Work to be completed ▸
Among the entries that follow, find every line with the word "image" and copy it.

Records shown ▸
▬▬▬

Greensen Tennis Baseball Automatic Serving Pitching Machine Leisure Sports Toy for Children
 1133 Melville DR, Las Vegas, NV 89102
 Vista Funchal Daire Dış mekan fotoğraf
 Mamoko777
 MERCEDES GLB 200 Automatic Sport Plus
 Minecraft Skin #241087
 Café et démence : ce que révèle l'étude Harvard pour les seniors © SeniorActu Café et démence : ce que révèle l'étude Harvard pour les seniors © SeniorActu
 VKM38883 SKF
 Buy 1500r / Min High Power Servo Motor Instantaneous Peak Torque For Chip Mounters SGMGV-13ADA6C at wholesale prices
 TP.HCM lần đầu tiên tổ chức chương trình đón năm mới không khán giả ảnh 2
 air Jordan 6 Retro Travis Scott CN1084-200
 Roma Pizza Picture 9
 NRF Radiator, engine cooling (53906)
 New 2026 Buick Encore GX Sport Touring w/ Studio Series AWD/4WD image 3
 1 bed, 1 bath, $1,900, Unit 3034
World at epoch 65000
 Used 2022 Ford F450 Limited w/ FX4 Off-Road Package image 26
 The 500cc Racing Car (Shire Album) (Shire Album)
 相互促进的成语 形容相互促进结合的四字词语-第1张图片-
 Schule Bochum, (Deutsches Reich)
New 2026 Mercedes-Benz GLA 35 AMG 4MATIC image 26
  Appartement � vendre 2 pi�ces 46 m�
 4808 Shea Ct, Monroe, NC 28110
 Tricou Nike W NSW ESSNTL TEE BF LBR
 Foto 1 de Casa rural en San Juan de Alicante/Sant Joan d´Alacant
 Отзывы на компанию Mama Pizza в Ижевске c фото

▬▬▬

Response below ▸
 New 2026 Buick Encore GX Sport Touring w/ Studio Series AWD/4WD image 3
 Used 2022 Ford F450 Limited w/ FX4 Off-Road Package image 26
New 2026 Mercedes-Benz GLA 35 AMG 4MATIC image 26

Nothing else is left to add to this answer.